Zum Download der Studie (open access):
Aus dem Vorwort:
Christian Schaller verfasste seine Dissertation innerhalb der Grenzen eines Forschungsfelds, das an der Universität Augsburg am Lehrstuhl für Europäische Regionalgeschichte sowie Bayerische und Schwäbische Landesgeschichte seit 2016 abgesteckt wurde. Dieses Feld beschäftigt sich mit Kulturerbe, meist baulichem Kulturerbe, in der Klimakrise. Es stellt sich der Frage, wie urbane Stadtentwicklung in der klimaresilienten und klimaschützenden Transformation ihr bauliches Kulturerbe erhalten oder klima- und denkmalschutzgerecht weiterentwickeln können. In der Tat fehlt in den aktuellen integrierten Stadtplanungskonzepten der Städte oft das Kulturerbe, das einerseits eine klimaschützende, CO2-einsparende, andererseits eine Funktion urbaner Klimaresilienz besitzt, denn Bauwerke, denen eine historische Dimension zuerzählt werden kann, sind beliebt und sorgen für Wohlbefinden und das „Gute Leben“, dem Ziel jeder Stadtplanung. Geschichte und Geschichten machen resilient!
Materielles Kulturerbe ist notwendig, um diesem Ziel näher zu kommen. Wir brauchen es, um von ihm angeregt erzählen zu können oder Erzählungen, die mit ihm zusammenhängen, zu suchen und zu finden. Diese These beruht auf einem in Augsburg entwickelten Leitbild für den Städtebau: „Die authentische Stadt“. Dieses Leitbild wurde aus geschichts- und denkmalschutztheoretischen Studien gewonnen. Christian Schaller erfasste und überprüfte das Leitbild empirisch vermittels Interviewpartnerinnen und -partnern, die professionell mit Kulturerbe umgehen und leitete daraus mit einem Methodenmix ein Instrumentarium für die praktische Anwendung in der Stadtplanung ab. Schallers Dissertationsschrift ist also ein Teil eines Gesamtkonzepts der engaged historiography, eine Geschichtswissenschaft die anwendungsbezogen geschichtswissenschaftlich argumentierend hilft, urbane Zukunftskonzepte mitzugestalten.
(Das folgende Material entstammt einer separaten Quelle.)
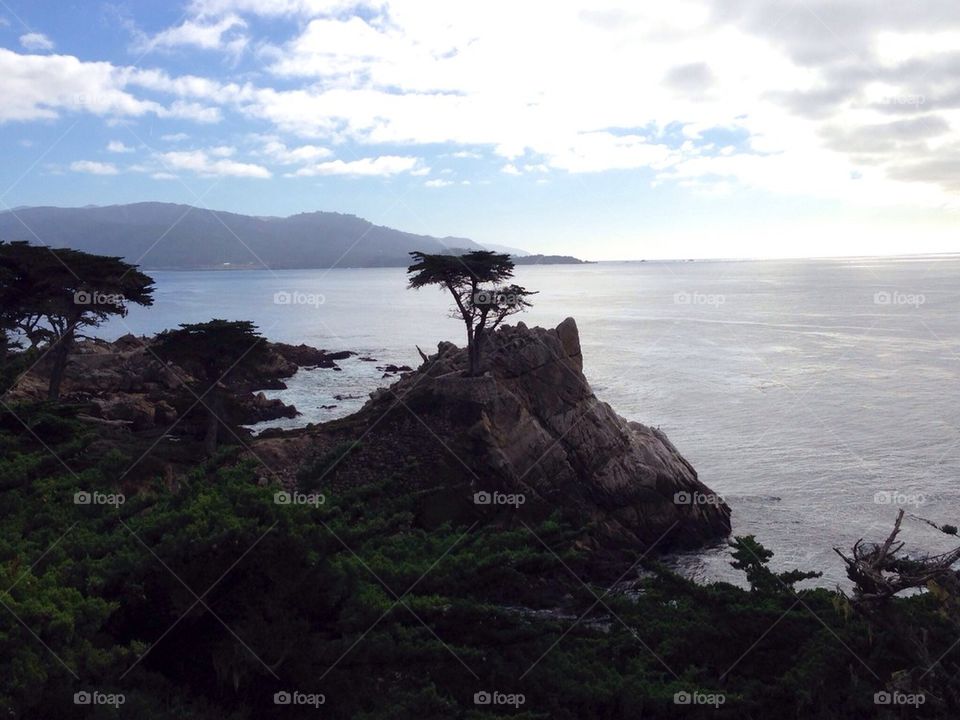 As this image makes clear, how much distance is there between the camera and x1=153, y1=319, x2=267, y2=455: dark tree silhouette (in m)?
24.5

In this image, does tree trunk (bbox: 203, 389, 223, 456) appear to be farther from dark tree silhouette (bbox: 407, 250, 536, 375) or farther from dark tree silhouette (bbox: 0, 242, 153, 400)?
dark tree silhouette (bbox: 407, 250, 536, 375)

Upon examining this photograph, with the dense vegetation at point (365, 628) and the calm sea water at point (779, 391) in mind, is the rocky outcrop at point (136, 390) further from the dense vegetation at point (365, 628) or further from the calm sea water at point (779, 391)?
the dense vegetation at point (365, 628)

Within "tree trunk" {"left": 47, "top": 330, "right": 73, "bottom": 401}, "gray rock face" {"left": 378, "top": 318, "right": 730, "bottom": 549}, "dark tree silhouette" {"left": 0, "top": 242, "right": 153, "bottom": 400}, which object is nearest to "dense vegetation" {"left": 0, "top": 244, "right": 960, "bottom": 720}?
"gray rock face" {"left": 378, "top": 318, "right": 730, "bottom": 549}

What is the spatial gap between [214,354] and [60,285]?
22.3 feet

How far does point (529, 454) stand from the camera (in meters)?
23.8

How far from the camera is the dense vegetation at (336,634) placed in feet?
26.4

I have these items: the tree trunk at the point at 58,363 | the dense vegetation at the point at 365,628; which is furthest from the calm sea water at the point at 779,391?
the tree trunk at the point at 58,363

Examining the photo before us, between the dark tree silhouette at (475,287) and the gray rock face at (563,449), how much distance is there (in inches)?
41.0

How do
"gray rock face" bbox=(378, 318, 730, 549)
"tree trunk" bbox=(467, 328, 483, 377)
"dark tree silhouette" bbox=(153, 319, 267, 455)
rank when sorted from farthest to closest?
"tree trunk" bbox=(467, 328, 483, 377) → "dark tree silhouette" bbox=(153, 319, 267, 455) → "gray rock face" bbox=(378, 318, 730, 549)

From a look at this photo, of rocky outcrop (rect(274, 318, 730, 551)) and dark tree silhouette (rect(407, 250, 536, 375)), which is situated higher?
dark tree silhouette (rect(407, 250, 536, 375))

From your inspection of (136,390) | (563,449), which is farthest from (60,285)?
(563,449)

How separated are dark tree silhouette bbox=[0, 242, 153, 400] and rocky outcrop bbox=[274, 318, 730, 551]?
27.7 ft

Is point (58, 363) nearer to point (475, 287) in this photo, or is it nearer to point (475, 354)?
point (475, 354)

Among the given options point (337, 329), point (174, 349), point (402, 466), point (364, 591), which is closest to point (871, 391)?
point (402, 466) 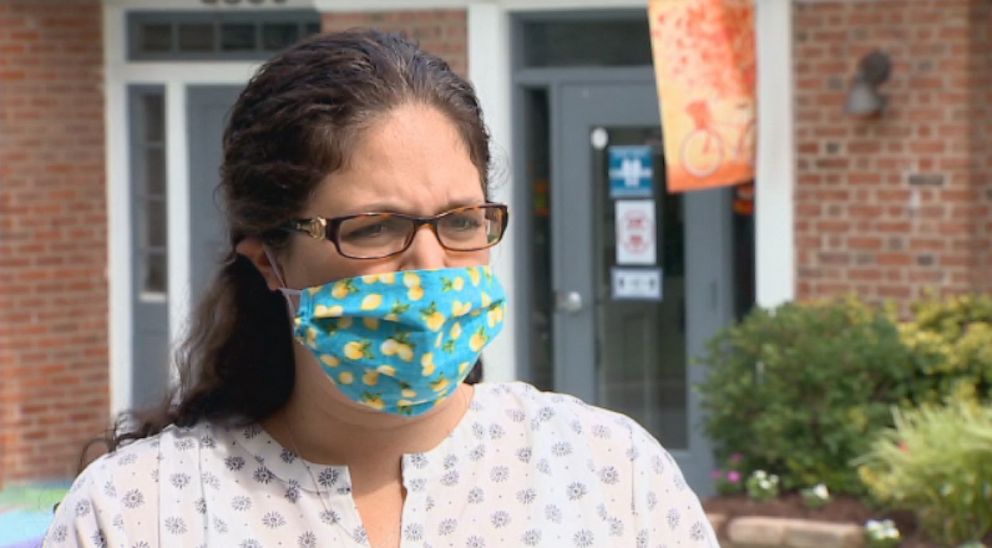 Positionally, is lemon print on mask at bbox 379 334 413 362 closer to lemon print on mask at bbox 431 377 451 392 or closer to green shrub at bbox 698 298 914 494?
lemon print on mask at bbox 431 377 451 392

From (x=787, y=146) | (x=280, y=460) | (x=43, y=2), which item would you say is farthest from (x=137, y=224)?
(x=280, y=460)

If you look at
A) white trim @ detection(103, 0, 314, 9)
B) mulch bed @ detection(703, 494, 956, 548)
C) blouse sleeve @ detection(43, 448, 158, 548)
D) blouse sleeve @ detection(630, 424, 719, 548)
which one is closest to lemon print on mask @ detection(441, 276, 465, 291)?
blouse sleeve @ detection(630, 424, 719, 548)

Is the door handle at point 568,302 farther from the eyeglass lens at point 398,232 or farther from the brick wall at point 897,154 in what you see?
the eyeglass lens at point 398,232

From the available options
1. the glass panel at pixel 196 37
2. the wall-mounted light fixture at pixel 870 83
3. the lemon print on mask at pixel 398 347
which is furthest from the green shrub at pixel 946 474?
the lemon print on mask at pixel 398 347

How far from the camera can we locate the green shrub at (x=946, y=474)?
772cm

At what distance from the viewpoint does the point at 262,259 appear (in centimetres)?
255

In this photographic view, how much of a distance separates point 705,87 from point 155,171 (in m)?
4.17

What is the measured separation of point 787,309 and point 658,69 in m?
1.31

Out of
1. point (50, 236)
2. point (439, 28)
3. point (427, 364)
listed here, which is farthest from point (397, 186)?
point (50, 236)

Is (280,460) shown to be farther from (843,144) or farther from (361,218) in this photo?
(843,144)

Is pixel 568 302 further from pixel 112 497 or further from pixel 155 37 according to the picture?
pixel 112 497

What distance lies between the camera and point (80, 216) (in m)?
11.6

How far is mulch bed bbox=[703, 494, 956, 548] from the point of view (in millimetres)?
8164

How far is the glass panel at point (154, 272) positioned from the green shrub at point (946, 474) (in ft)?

Es ist mir deswegen eine besondere Freude seinen herausragenden Beitrag in der Reihe „Urban Habitat and Humanities“ aufnehmen zu dürfen.
Aber das ist noch nicht alles: Mein Dank gilt Christian Schaller auch in anderer Hinsicht. Mit der Veröffentlichung seiner Masterarbeit „Augsburg und die Authentizität des städtischen Kulturerbes. Erinnerungsorte zwischen historischen und identitätspolitischen Wertigkeiten, Norderstedt 2021“ hat er die Reihe nicht nur eröffnet, sondern überhaupt erst ermöglicht.